Collected data entries

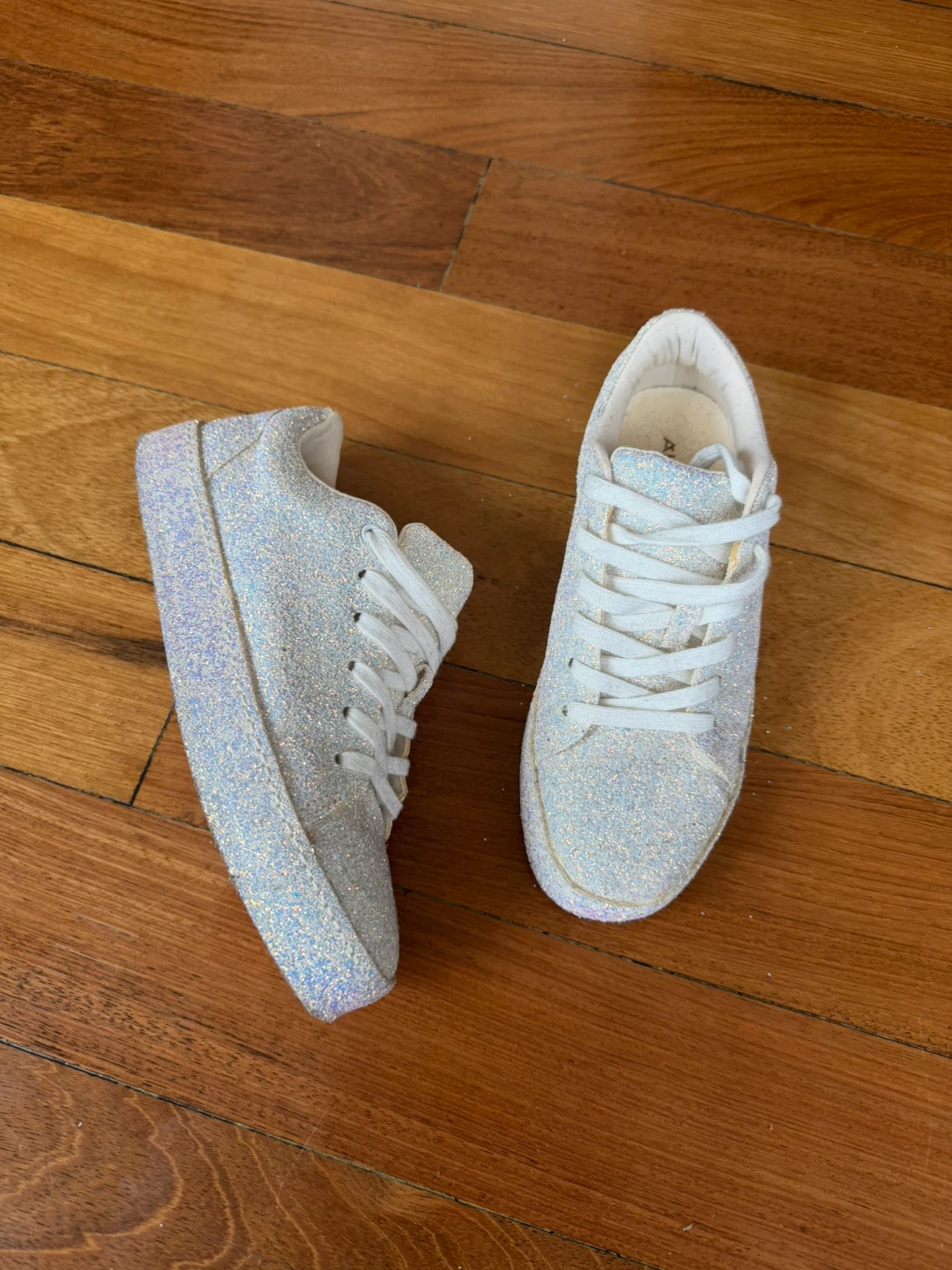 Sparkly White Sneakers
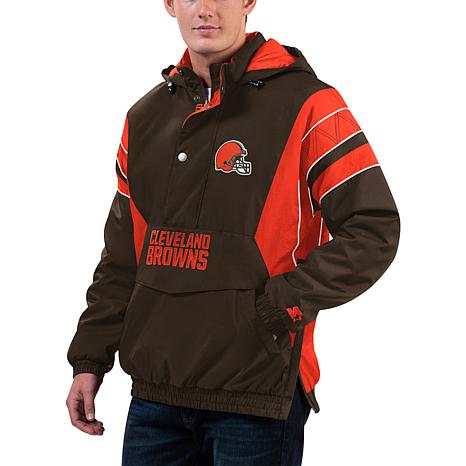 Zubaz NFL Men's Cleveland Browns Tonal Black Camo Full Zip Hoodie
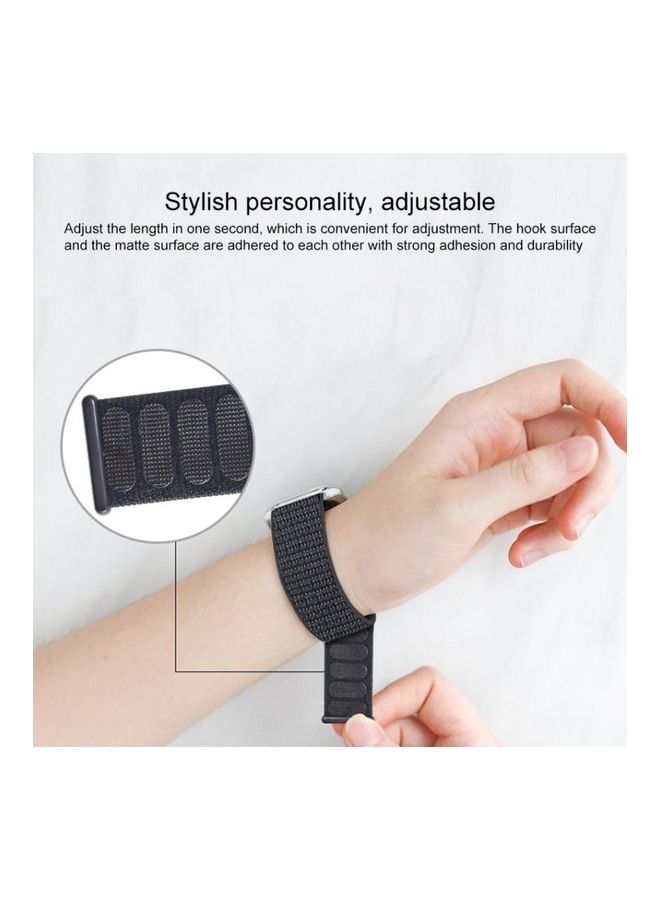 HuHa Watchband For Apple Watch Series 7 41mm/6 & SE & 5 & 4 40mm/3 & 2 & 1 38mm Black - Image 4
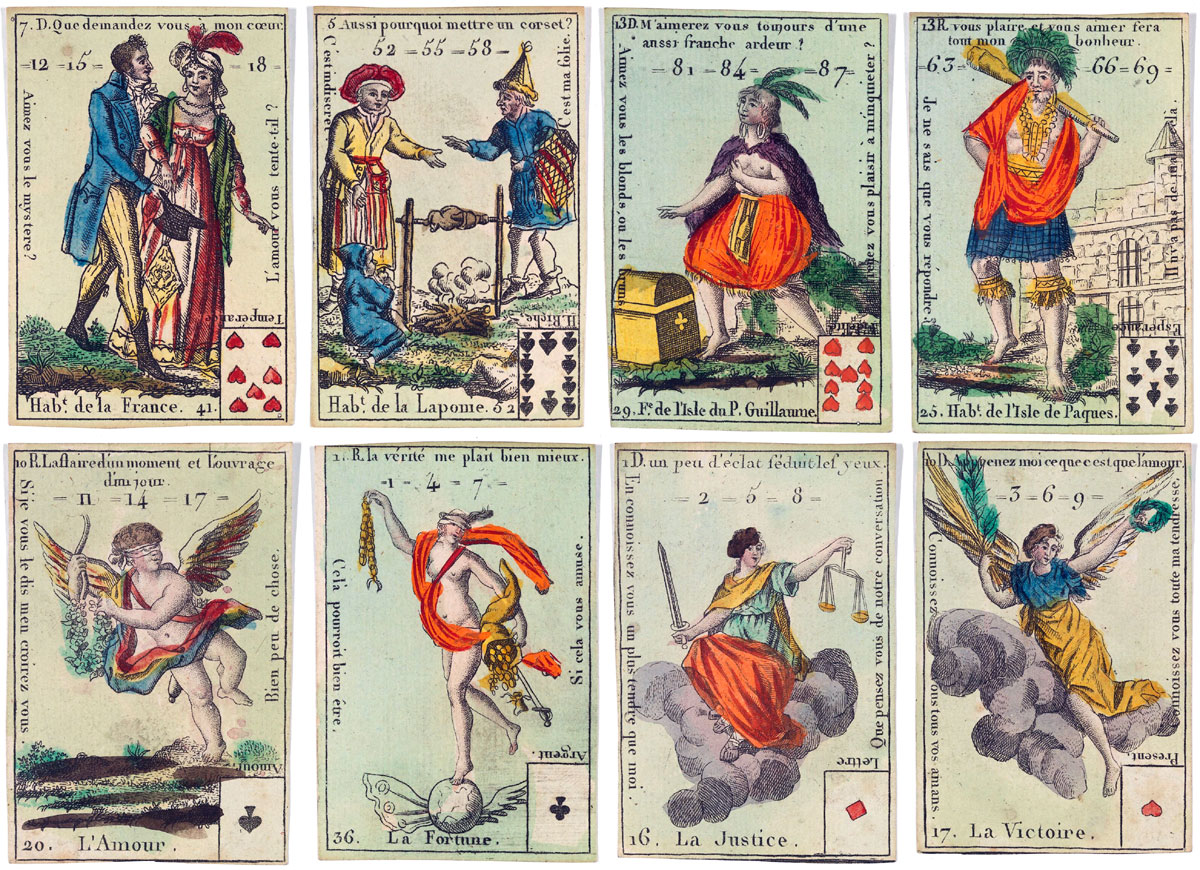 Costumes des Peuples Étrangers playing cards, anonymous manufacturer, late 18th or early 19th century French. © The Metropolitan Museum of Art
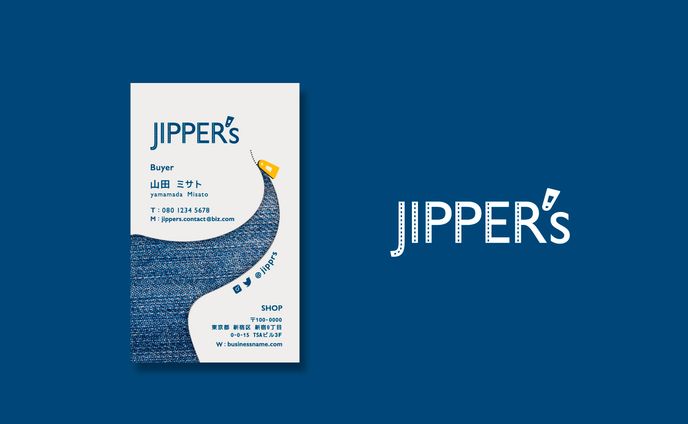 ロゴ/名刺デザイン JIPPER's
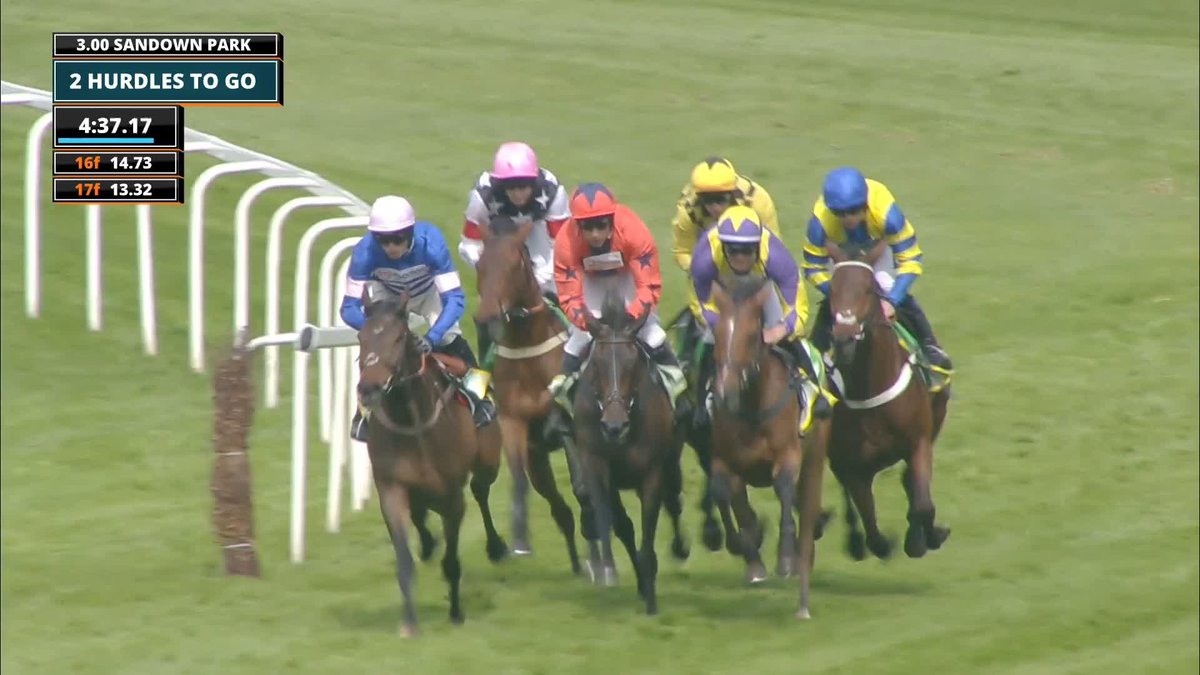 Pure class from Harry Cobden to hold off the others 💪 Blueking d'Oroux wins the bet365 Select Hurdle 🏆 #ITVRacing | Paul Nicholls OBE | Sandown Park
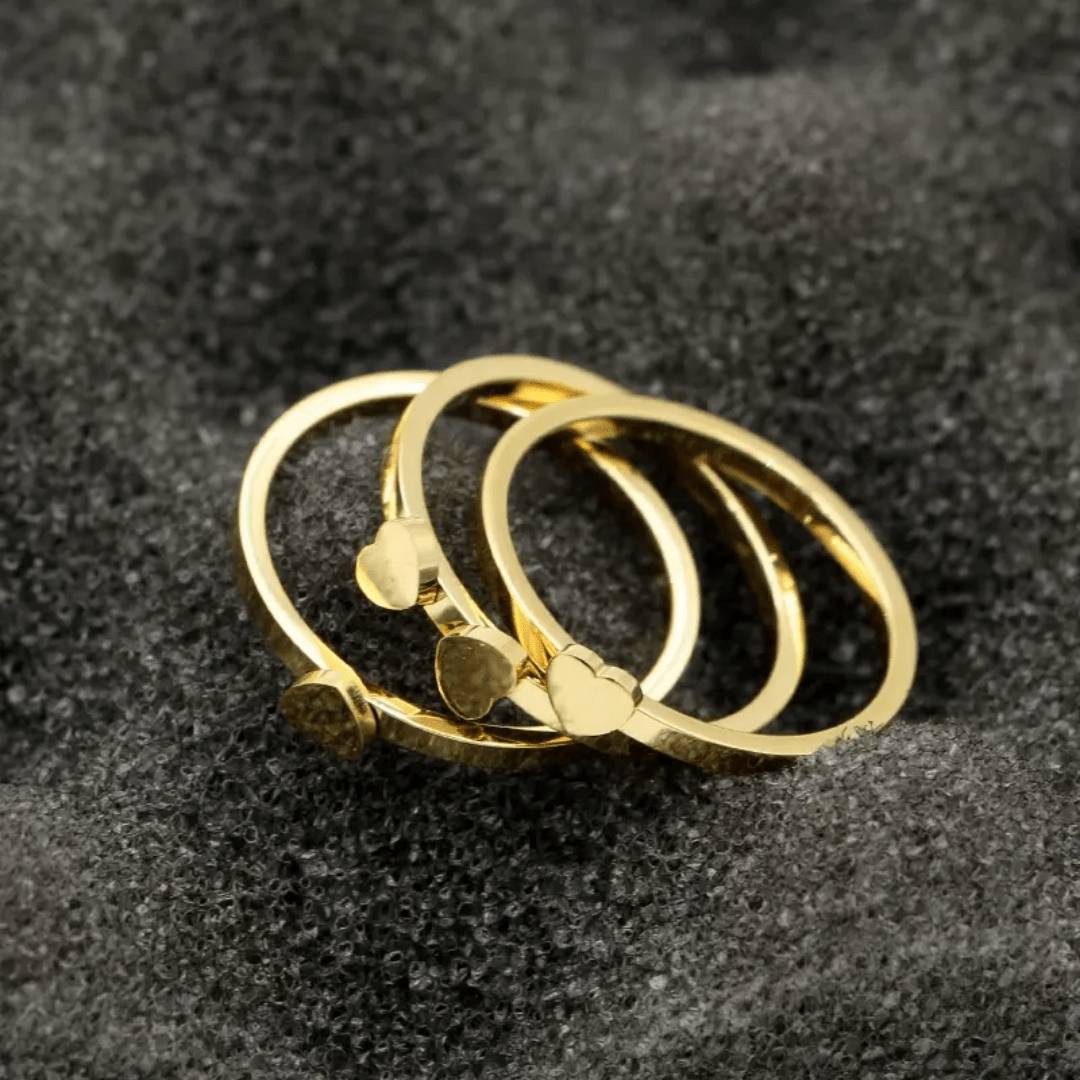 R-143 SIZE-6,7,8 AVAILABLE 18k Gold Plated Stainless Steel Tarnish Free Waterproof Female Jewellery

→ Aim of the task
When you copy the records above, keep every word exact but leave out the pictures.

→ Your response
 Sparkly White Sneakers
 Zubaz NFL Men's Cleveland Browns Tonal Black Camo Full Zip Hoodie
 HuHa Watchband For Apple Watch Series 7 41mm/6 & SE & 5 & 4 40mm/3 & 2 & 1 38mm Black - Image 4
 Costumes des Peuples Étrangers playing cards, anonymous manufacturer, late 18th or early 19th century French. © The Metropolitan Museum of Art
 ロゴ/名刺デザイン JIPPER's
 Pure class from Harry Cobden to hold off the others 💪 Blueking d'Oroux wins the bet365 Select Hurdle 🏆 #ITVRacing | Paul Nicholls OBE | Sandown Park
 R-143 SIZE-6,7,8 AVAILABLE 18k Gold Plated Stainless Steel Tarnish Free Waterproof Female Jewellery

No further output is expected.